| Discussion: |
A pars interarticularis defect (also called spondylolysis), which consists of an interruption of the vertebral arch at the bony bridge that holds together the superior and inferior articular processes (pars interarticularis). The defect is usually seen at L5 (82%) or L4 (15%), and rarely at L3 (1%). It may be unilateral but it is most commonly bilateral. If it is complete and bilateral a virtual separation ensues in the vertebra between the body, (with pedicles, transverse processes and superior articular process) posteriorly. With time, a sliding anterior movement of the vertebra (spondylolisthesis) is produced and the defect may become symptomatic by compression on neural structures. In up to 80% of cases at diagnosis an associated spondylolisthesis is observed. The pathogenesis is controversial. According to the most widely accepted theory the defect is in fact a fracture resulting from repeated pauci or asymptomatic microtrauma. This theory is substantiated by the consideration that the pars interarticularis at L5 level is the structure most exposed to mechanical constraint at the lumbosacral junction and is sheared during extension by the inferior facets of L4 and the superior facet of S1. Furthermore, the fracture line is often associated with the formation of a callus with irregular and sclerotic margins similar to that of healing fractures.
On imaging with X-rays the finding is often visible in the lateral projection but it is best depicted in the oblique projections in which the upper and lower articular processes are degaged. An image of little dog (the "Scottie dog" sign) is produced in this projection by the structures of the vertebral arch in which the pars interarticularis represents the neck.
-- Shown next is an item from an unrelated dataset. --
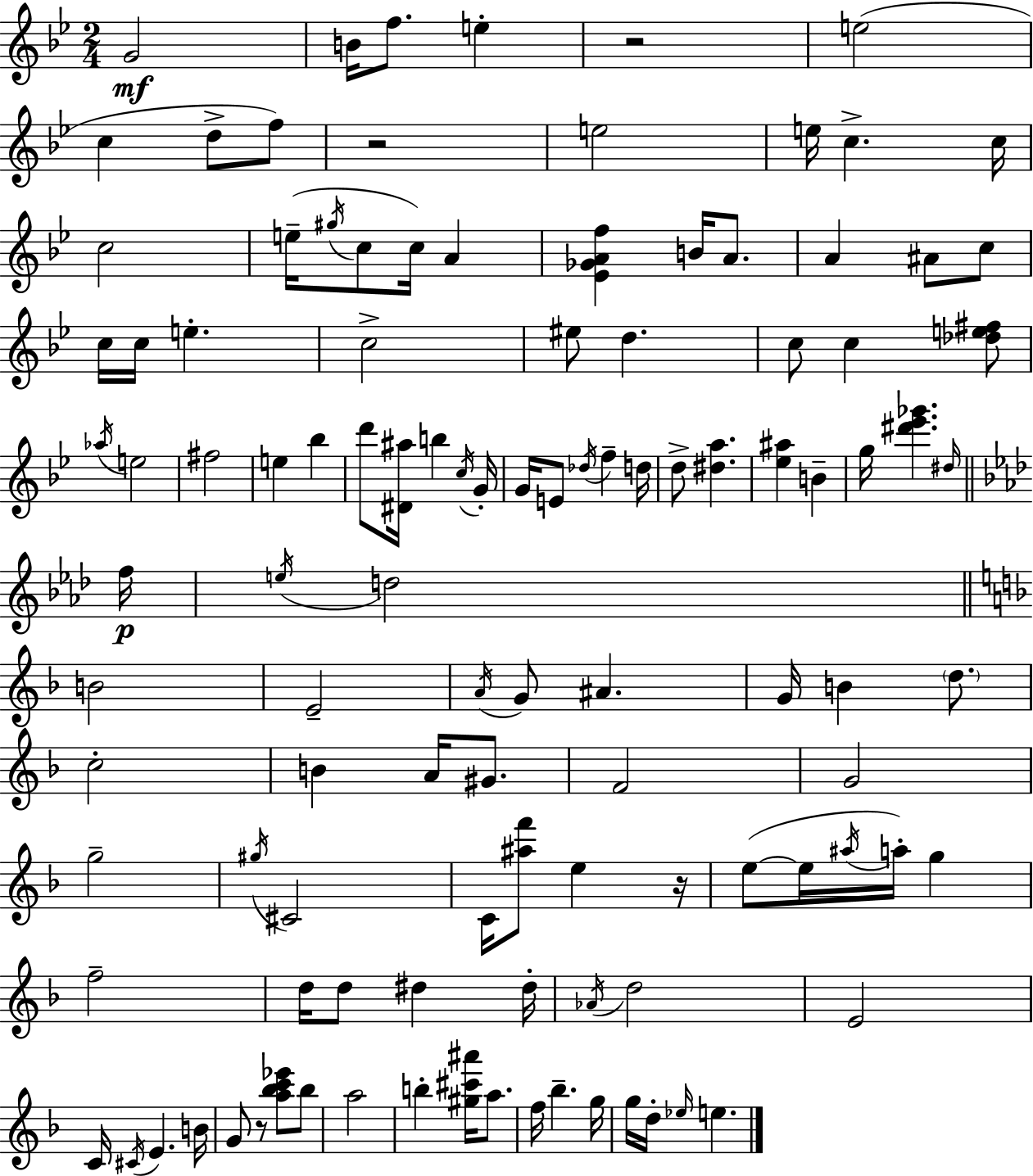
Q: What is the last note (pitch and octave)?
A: E5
On conventional 3 or 4 mm axial CT scan images the representation of the defect is often somewhat disapppointing and in many cases it is suggested by the associated presence of the callus and by the elongation of the vertebral canal rather than directly visualized. This depends on the fact that plane of acquisition on conventional studies is usually that of an intervertebral space and at L5-S1 level this approaches perpendicularity to the pars interarticularis. Reconstruction on thin acquisition sections or an opposite obliquity of acquisition plane are needed best to reproduce the defect, as well as complete exploration of two adjacent vertebrae.
Contribution of MR in this setting is limited.